Toward the end of the 19th century, the United States of America purchased the Philippine islands from Spain and refused to acknowledge the legitimate existence of the Republic of the Philippines. As the new owners of the archipelago, the United States took over Spain's claim to the land. Without the knowledge of the Tagakolu, their land had once again been claimed by a people who did not know of them. Unlike the Spanish, however, these new claimants would work vigorously to exploit Mindanao and, on two occasions, would even attempt to sever it from the rest of the Philippines to make it a territory of the United States. American settlers came and encroached on the lands of the Tagakolu. They did not care much for the Tagakolu and other indigenous peoples referring to them as wild tribes, which justified, to their minds, their land grabbing. They established homesteads and forced the Tagakolu to work for them. Many of the Tagakolu workers would abandon their work and seek refuge in the mountains where the American settlers could not follow. One Tagakolu, however, dared defy the Americans. In 1906 Mangulayen, the man charged by the colonial government to oversee his fellow Tagakolu, assassinated the American district governor of Davao who was on his way to Malita.
Philippine Law and Society
Even after the re-establishment of the Philippine Republic in 1946, the Tagakolu continued to be sidelined in the development of their lands and were still not given ample opportunity for self-determination as a people. The passage of the Indigenous Peoples Rights Act (IPRA) in 1997, however, gave new hope to the Tagakolu and other indigenous peoples of the Philippines. The IPRA upheld and defended the rights of indigenous peoples, especially their right to their ancestral domains, of which they had been divested since the arrival of the Spanish in the 16th century. The new law gave new hope, but, regrettably, it did not put an end to the perennial marginalization of the Tagakolu. It is a tragedy today that despite the existence of a law that upholds and defends their rights, the Tagakolu continue to lose much of their land to local politicians, several of whom are even Tagakolu. They conduct themselves like warlords, even more devious than the country’s former colonial masters, with no regard whatsoever for the rule of law. Tagakolu lands are converted into plantations and quarries. Forests are cut, and the lumber is sold. As their land is slowly appropriated by politicians through legal theft, many of the Tagakolu slowly lose their identity as a people as well.
Many of the youth, for example, are enticed by the tempting allure of modern Western living.

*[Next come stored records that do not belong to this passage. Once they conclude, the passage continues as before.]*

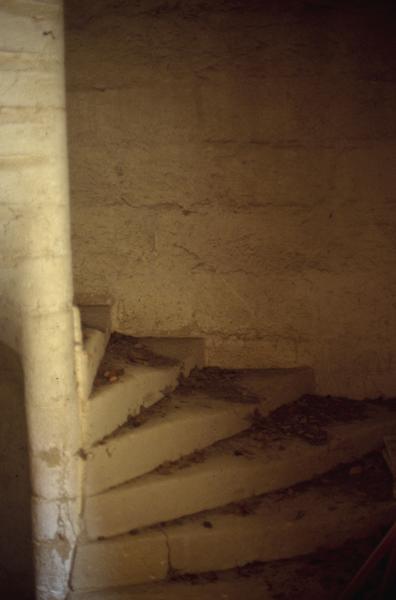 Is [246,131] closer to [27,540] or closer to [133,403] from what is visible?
[133,403]

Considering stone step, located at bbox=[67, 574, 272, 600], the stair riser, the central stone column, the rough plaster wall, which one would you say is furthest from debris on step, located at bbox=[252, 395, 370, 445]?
the central stone column

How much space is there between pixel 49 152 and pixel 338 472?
2049mm

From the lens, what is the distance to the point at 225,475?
3.51 meters

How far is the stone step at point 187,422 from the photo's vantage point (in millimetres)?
3352

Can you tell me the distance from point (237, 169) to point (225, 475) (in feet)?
5.28

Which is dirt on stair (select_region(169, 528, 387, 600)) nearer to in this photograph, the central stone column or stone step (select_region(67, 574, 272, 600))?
stone step (select_region(67, 574, 272, 600))

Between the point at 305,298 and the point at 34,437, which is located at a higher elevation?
the point at 305,298

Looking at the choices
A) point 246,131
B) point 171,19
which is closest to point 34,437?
point 246,131

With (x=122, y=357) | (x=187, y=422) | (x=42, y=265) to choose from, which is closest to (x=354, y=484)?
(x=187, y=422)

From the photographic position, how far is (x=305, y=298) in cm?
429

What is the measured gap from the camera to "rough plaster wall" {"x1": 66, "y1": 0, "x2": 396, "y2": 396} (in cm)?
411

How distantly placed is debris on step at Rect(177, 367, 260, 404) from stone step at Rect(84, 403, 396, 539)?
0.23 metres

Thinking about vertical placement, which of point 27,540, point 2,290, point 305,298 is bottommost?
point 27,540

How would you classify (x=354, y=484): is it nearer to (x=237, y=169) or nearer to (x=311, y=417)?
(x=311, y=417) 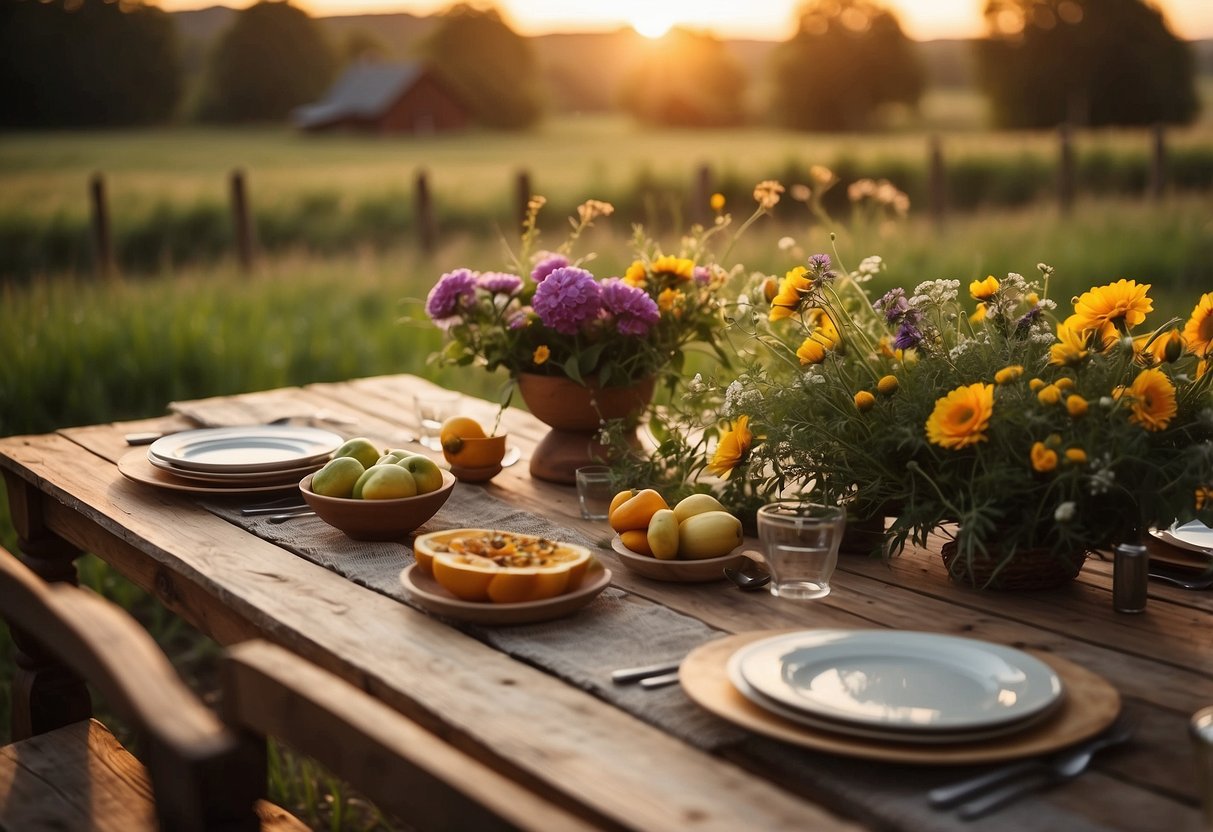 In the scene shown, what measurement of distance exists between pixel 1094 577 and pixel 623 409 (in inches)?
32.4

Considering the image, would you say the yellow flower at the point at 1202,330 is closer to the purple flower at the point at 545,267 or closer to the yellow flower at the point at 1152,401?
the yellow flower at the point at 1152,401

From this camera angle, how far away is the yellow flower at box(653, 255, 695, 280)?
2.13m

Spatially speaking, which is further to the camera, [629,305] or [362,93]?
[362,93]

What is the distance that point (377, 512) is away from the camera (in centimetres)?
180

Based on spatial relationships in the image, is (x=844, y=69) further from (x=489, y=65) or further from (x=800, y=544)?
(x=800, y=544)

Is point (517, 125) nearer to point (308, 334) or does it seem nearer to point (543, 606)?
point (308, 334)

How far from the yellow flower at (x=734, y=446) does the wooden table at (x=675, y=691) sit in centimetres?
19

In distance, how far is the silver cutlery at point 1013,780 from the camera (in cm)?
104

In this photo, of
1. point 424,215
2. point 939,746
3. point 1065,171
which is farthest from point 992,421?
point 1065,171

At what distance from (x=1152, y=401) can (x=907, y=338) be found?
316 mm

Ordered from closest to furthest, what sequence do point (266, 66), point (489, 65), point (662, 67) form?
point (266, 66)
point (662, 67)
point (489, 65)

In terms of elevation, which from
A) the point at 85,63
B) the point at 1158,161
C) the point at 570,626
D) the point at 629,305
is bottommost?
the point at 570,626

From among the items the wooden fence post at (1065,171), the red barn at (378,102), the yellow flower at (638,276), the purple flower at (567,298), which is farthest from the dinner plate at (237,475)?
the red barn at (378,102)

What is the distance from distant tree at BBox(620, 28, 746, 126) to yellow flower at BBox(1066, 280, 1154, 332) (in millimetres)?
32243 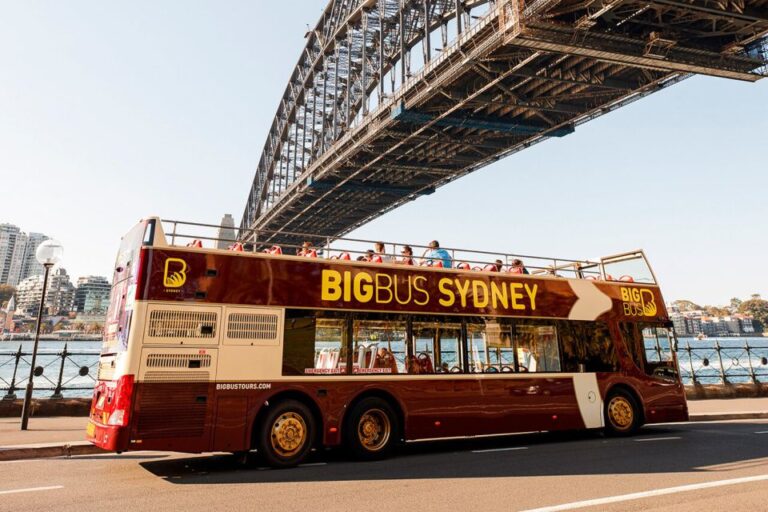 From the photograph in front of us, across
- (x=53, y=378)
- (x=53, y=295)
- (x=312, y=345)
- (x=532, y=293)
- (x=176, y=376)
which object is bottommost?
(x=176, y=376)

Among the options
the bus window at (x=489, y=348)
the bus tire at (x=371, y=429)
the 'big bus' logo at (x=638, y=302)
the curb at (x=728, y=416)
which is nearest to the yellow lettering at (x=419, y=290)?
the bus window at (x=489, y=348)

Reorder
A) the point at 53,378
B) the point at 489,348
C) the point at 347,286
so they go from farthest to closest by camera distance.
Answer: the point at 53,378 → the point at 489,348 → the point at 347,286

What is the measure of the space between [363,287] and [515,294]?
10.4 feet

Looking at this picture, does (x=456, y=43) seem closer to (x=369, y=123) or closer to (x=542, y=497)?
(x=369, y=123)

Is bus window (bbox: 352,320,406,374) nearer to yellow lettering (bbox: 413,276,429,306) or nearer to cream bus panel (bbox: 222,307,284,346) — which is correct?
yellow lettering (bbox: 413,276,429,306)

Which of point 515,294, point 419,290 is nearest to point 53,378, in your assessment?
point 419,290

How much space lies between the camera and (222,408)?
7430 mm

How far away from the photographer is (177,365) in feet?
23.9

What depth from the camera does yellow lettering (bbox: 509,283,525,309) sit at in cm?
1008

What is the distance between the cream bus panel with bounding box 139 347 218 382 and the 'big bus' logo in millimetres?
8595

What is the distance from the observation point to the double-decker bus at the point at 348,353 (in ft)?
23.8

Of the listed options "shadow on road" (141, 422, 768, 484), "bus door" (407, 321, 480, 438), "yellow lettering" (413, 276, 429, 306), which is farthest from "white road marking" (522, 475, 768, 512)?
"yellow lettering" (413, 276, 429, 306)

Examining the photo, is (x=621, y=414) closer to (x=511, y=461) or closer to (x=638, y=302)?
(x=638, y=302)

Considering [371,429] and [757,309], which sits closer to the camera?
[371,429] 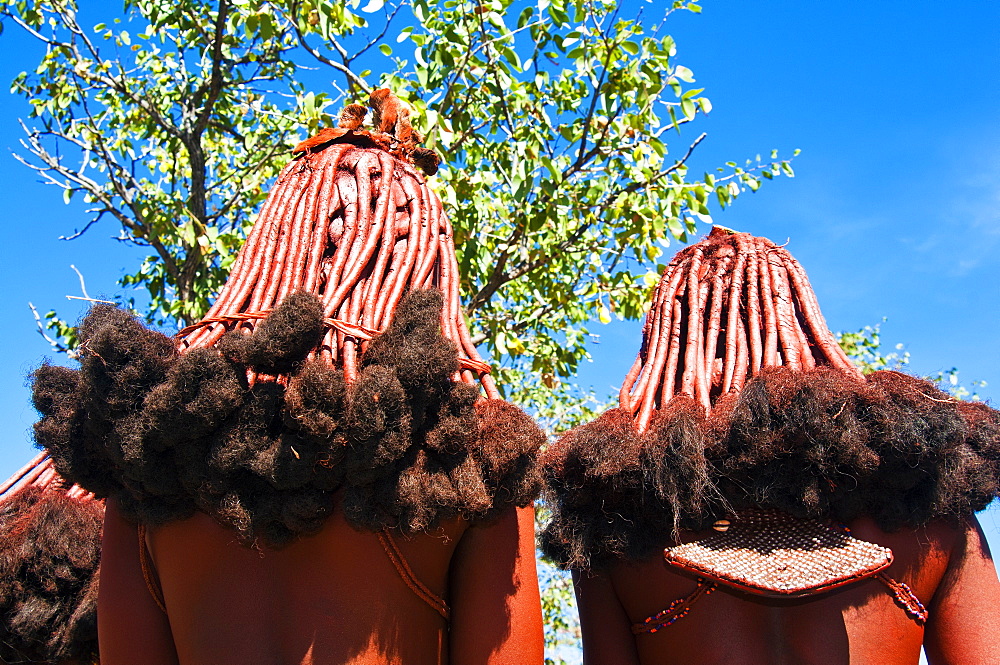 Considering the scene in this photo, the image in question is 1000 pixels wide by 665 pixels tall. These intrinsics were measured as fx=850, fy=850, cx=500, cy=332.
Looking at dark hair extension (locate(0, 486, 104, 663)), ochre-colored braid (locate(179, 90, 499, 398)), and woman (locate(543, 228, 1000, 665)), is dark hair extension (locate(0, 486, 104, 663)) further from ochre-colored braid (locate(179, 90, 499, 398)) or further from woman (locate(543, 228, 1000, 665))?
woman (locate(543, 228, 1000, 665))

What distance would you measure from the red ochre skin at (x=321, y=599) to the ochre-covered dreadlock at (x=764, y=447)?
0.42 meters

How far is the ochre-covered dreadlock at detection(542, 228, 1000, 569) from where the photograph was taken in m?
2.07

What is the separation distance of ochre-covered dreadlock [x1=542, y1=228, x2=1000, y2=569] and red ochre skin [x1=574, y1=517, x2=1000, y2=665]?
0.09 meters

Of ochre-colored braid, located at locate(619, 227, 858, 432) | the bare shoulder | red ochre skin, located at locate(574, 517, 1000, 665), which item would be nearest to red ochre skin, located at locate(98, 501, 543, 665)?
red ochre skin, located at locate(574, 517, 1000, 665)

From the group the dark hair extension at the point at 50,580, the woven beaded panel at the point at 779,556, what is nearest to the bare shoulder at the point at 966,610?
the woven beaded panel at the point at 779,556

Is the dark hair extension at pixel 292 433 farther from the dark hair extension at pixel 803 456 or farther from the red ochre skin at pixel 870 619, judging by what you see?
the red ochre skin at pixel 870 619

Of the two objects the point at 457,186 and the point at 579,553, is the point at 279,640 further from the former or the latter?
the point at 457,186

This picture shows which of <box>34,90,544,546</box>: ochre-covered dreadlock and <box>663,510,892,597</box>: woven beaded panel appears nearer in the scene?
<box>34,90,544,546</box>: ochre-covered dreadlock

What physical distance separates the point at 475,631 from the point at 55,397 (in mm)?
1059

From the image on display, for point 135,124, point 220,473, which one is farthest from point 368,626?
point 135,124

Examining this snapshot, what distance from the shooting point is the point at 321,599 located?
1.79 metres

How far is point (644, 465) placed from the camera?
2221 mm

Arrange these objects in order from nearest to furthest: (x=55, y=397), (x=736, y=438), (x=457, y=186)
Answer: (x=55, y=397) < (x=736, y=438) < (x=457, y=186)

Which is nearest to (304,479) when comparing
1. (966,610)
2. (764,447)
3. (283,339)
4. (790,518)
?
(283,339)
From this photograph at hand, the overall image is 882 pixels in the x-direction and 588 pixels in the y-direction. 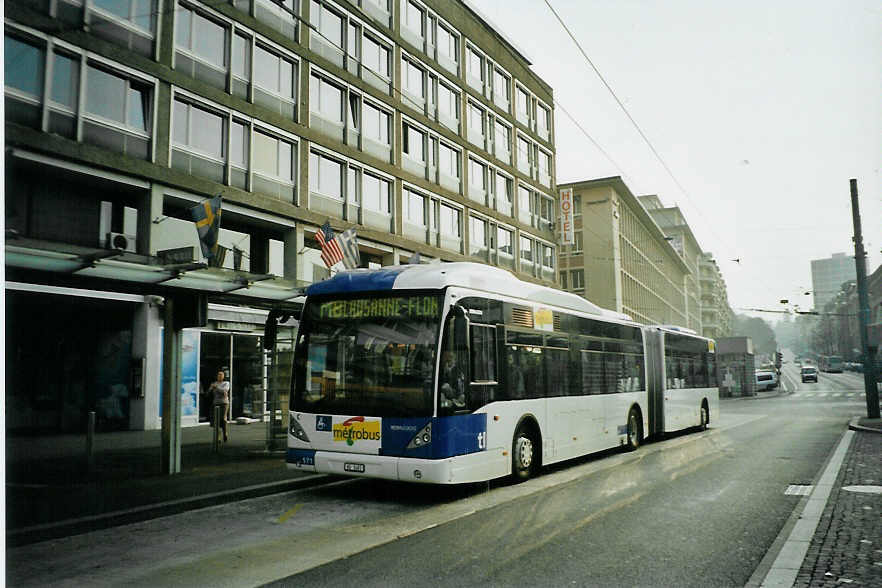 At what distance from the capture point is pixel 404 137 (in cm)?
3061

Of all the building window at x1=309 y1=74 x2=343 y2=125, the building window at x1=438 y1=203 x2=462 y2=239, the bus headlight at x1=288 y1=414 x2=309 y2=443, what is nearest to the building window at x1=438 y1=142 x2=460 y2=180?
the building window at x1=438 y1=203 x2=462 y2=239

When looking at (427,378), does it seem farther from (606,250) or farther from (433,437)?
(606,250)

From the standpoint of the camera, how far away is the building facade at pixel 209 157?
1720cm

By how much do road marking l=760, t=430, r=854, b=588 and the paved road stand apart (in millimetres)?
204

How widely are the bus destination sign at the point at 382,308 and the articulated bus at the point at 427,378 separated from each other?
15 millimetres

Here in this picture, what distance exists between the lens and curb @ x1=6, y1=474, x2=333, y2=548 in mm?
7145

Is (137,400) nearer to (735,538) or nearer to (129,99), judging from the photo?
(129,99)

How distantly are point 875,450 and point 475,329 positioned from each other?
10.2 meters

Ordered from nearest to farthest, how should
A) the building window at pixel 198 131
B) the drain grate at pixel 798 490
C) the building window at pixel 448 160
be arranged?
the drain grate at pixel 798 490, the building window at pixel 198 131, the building window at pixel 448 160

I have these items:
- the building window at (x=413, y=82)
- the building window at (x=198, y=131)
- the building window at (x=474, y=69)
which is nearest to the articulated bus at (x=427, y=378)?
the building window at (x=198, y=131)

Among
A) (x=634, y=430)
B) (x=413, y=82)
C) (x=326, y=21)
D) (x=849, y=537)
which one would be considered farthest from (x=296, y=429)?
(x=413, y=82)

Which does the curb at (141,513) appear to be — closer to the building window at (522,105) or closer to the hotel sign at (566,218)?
the building window at (522,105)

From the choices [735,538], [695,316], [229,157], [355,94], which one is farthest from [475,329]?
[695,316]

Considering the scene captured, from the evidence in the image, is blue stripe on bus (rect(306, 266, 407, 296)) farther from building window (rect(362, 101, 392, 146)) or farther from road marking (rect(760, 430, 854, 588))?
building window (rect(362, 101, 392, 146))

Through the influence of mass and social media, many are slowly replacing their customs and traditions with practices promoted by a capitalist market economy, leading to the disintegration of the Tagakolu family and society. A large number of them are no longer able to speak their own language properly, preferring to speak in Cebuano, the language of settlers in the lowlands. Another crucial factor in the disuse of the Tagakolu language, besides modern media, is the influence of Cebuano-speaking teachers in government schools. They discourage children from speaking their mother tongue in school and, in many cases, penalize them for speaking it.
Tagakolu farmers are also tricked by the shallow promises of commercial farming. They are made to believe that planting genetically modified seeds and using synthetic fertilizers, herbicides, and pesticides would bring larger and better harvests at reduced costs and less manpower. It does so in the short term but dwindles a few planting seasons later as the land is slowly poisoned by the very chemicals that had previously promised a better life. In the meantime, the cohesion of the community has already been seriously compromised as farmers now regard their neighbors more as competitors and less as partners.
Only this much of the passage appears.